◆ What the task requires: With the pictures omitted, print exactly the lines below, from the one containing "ESEN SKV Couvre-Soupape" through the one containing "Torta Party 45", and nothing else.

◆ Provided entries:
────────────────

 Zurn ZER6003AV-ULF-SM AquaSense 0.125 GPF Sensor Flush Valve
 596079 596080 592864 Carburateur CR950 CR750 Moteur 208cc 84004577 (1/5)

────────────────

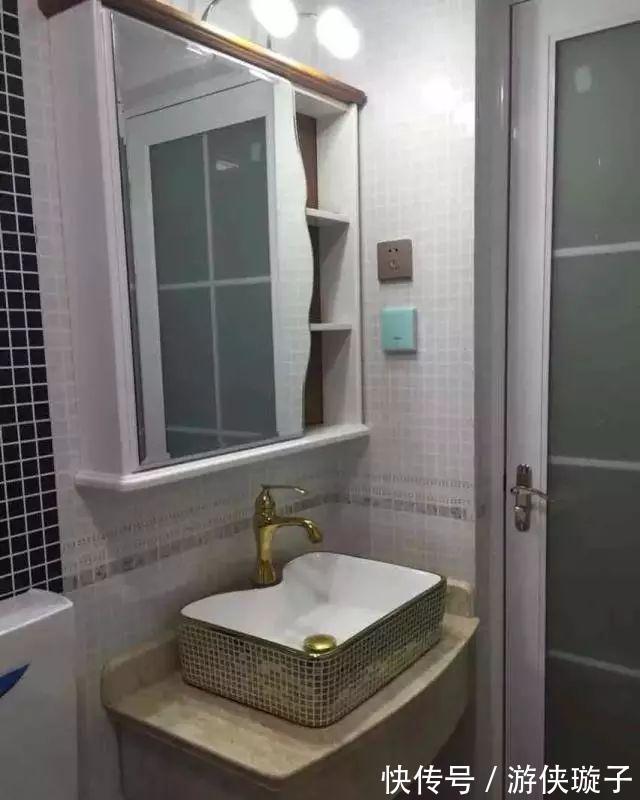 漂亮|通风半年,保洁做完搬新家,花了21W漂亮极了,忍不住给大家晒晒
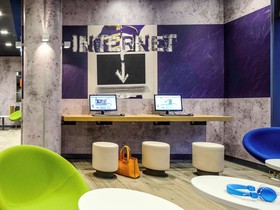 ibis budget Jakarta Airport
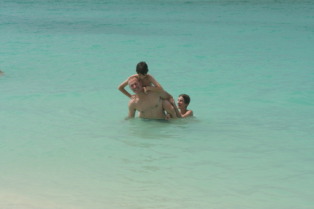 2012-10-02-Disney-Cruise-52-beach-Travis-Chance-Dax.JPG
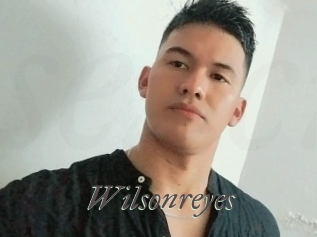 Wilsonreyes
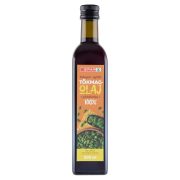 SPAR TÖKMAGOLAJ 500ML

────────────────

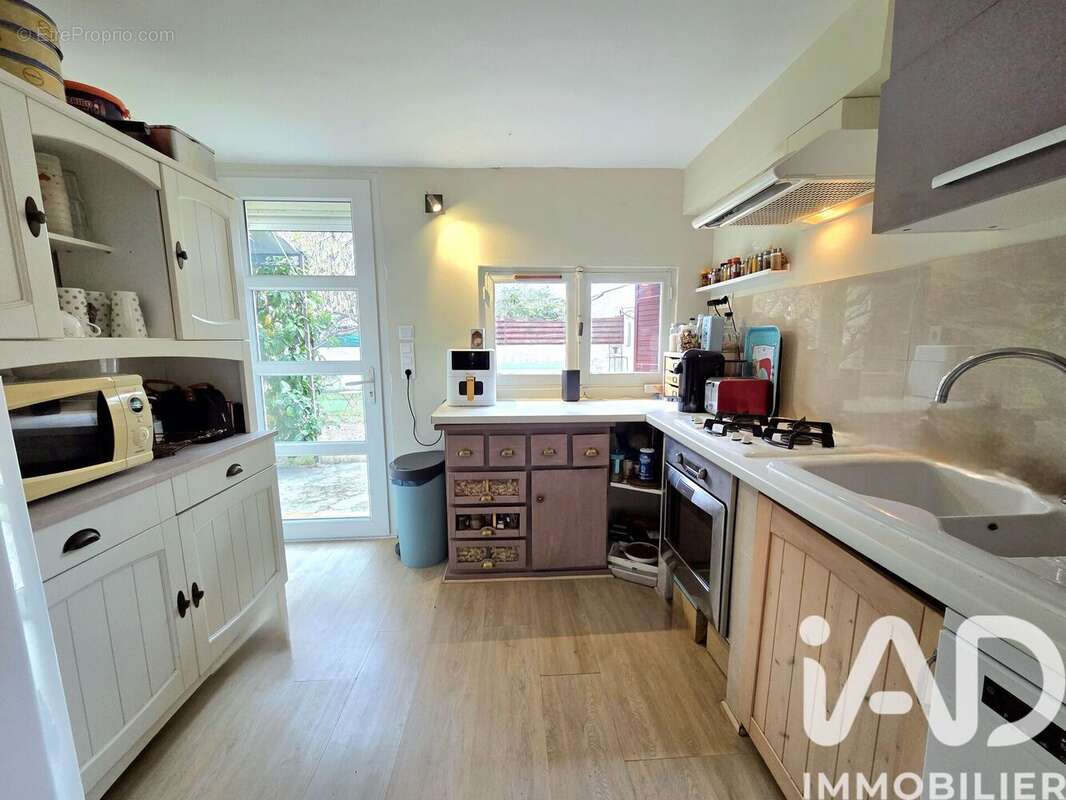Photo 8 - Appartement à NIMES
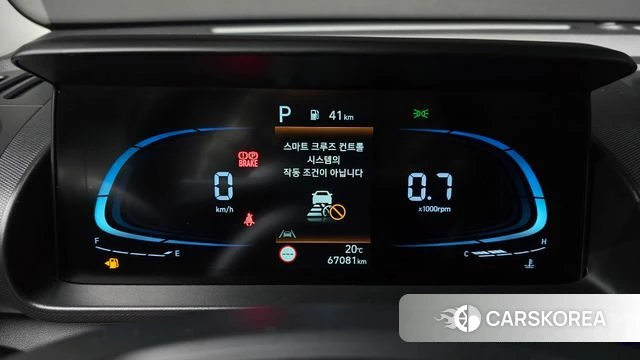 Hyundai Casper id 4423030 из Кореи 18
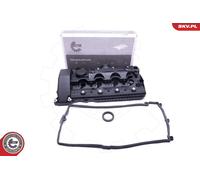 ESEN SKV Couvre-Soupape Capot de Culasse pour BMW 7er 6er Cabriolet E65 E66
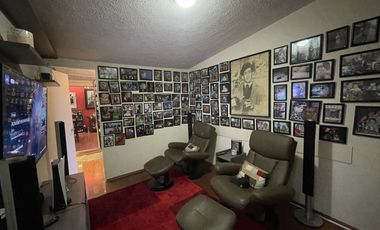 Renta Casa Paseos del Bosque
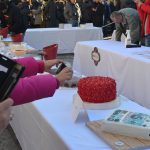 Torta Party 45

────────────────

◆ Solved exercise:
 ESEN SKV Couvre-Soupape Capot de Culasse pour BMW 7er 6er Cabriolet E65 E66
 Renta Casa Paseos del Bosque
 Torta Party 45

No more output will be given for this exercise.